* [WORK ITEM]: In the listing below, the lines from the first through the one with "REDAÇÃO E LÍNGUA" are to be copied word for word.

* [DATA RECORDS]:
[Start of section]
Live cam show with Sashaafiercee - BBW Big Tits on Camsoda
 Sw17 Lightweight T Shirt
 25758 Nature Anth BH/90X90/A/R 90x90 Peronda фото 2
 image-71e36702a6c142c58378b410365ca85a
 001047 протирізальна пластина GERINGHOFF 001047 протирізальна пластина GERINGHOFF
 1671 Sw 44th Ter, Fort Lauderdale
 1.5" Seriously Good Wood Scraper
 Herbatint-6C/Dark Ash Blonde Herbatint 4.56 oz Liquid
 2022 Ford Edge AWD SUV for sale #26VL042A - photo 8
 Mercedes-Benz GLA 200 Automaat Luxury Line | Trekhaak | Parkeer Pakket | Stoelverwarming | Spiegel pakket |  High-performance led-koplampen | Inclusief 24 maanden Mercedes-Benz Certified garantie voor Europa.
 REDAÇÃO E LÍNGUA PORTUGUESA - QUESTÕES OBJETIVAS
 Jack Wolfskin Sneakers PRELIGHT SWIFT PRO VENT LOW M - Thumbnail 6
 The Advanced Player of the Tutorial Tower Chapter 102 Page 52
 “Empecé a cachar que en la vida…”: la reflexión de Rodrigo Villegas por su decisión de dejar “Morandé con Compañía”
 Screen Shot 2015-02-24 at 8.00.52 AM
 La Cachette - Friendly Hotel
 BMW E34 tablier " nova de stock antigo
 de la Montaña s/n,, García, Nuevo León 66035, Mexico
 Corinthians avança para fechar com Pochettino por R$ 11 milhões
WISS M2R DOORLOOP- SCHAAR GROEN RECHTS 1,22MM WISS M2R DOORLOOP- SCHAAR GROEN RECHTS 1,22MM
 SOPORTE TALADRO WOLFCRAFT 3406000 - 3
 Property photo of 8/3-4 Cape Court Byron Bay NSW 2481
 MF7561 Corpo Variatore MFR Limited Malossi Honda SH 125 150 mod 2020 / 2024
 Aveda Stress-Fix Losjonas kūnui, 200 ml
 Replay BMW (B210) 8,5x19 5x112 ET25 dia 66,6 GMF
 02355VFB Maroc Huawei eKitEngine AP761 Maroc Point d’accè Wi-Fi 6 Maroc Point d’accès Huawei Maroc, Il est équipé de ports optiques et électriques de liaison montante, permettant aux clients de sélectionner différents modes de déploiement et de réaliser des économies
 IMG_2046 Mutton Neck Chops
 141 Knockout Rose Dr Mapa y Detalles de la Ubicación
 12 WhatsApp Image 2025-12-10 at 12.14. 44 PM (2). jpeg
[End of section]
* [OUTPUT FOR THIS EXERCISE]:
Live cam show with Sashaafiercee - BBW Big Tits on Camsoda
 Sw17 Lightweight T Shirt
 25758 Nature Anth BH/90X90/A/R 90x90 Peronda фото 2
 image-71e36702a6c142c58378b410365ca85a
 001047 протирізальна пластина GERINGHOFF 001047 протирізальна пластина GERINGHOFF
 1671 Sw 44th Ter, Fort Lauderdale
 1.5" Seriously Good Wood Scraper
 Herbatint-6C/Dark Ash Blonde Herbatint 4.56 oz Liquid
 2022 Ford Edge AWD SUV for sale #26VL042A - photo 8
 Mercedes-Benz GLA 200 Automaat Luxury Line | Trekhaak | Parkeer Pakket | Stoelverwarming | Spiegel pakket |  High-performance led-koplampen | Inclusief 24 maanden Mercedes-Benz Certified garantie voor Europa.
 REDAÇÃO E LÍNGUA PORTUGUESA - QUESTÕES OBJETIVAS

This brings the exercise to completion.